Oui, cependant, car il faut reconnaître que l’exposition (petite) est plaisante, bien présentée sur un beau fond vert, et que les tableaux, s’il y a peu de réels chefs d’œuvres - le Lorenzo di Credi (ill., Vénus, Florence, musée des Offices), le Véronèse, le Johann Liss - sont tous, à un titre ou à un autre, intéressants. Le sujet n’est ni facile ni grand public, et cela seul devrait nous inciter à l’indulgence.
Quelques tableaux anonymes exciteront l’intérêt des connaisseurs, comme ce tondo représentant Vénus et Adonis et attribué à un peintre florentin du XVIIe siècle.

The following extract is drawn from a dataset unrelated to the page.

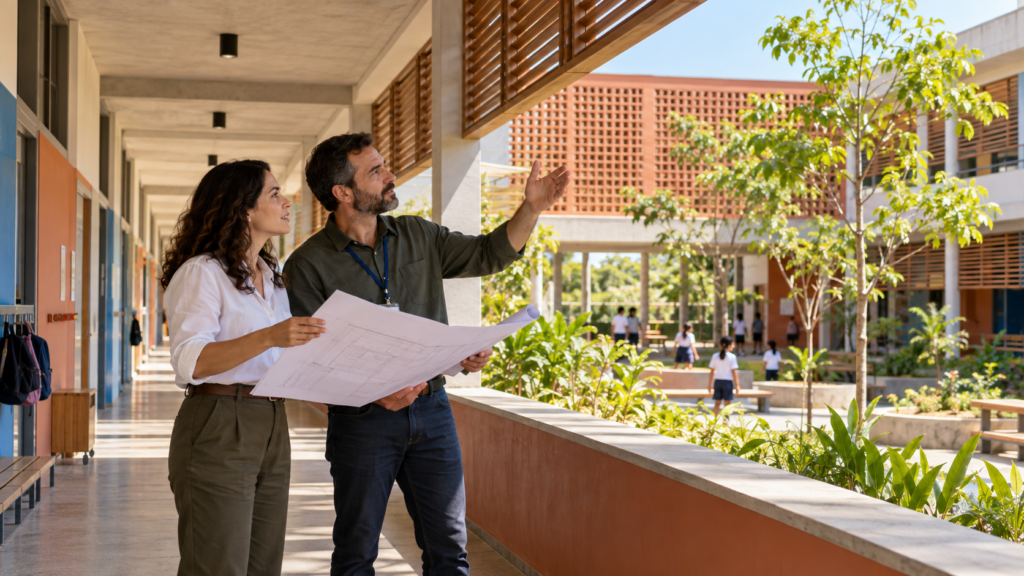 Arquitetos analisam iluminação, ventilação e sombreamento em uma escola sustentável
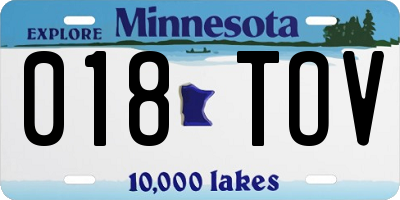 MN license plate 018TOV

Le Vénus et Adonis sur le Mont Ida du musée des Offices n’est en revanche pas attribuable à Poussin, comme cela est proposé dans le catalogue. “Attribué” signifie que l’artiste est selon toute probabilité l’auteur du tableau. C’est faire injure à Poussin que d’insinuer qu’il ait pu peindre cette toile assez faible. On peut, en revanche, avancer prudemment le nom du Maître de Hovingham, tant le putto tenant la lance à droite avec sa tête un peu disproportionnée est proche de ceux peint par cet imitateur de Poussin1.
Dans le désert estival parisien, on pourra donc visiter au moins une exposition de peinture ancienne.
Paris, Mairie du Vème arrondissement, 21 place du Panthéon. Exposition terminée le 7 septembre 2003.
Catalogue sous la direction de Maria Sframeli, édition SilvanaEditoriale Arthemisia. 22 €.
Aucun historique et seulement deux essais dont l’un est hors de propos (le thème de Vénus dans l’antiquité, alors que les objets exposés datent eu XVIe au XIXe siècle, hors un beau marbre romain du Ier siècle après J.C.). Les notices semblent parfois médiocrement traduites.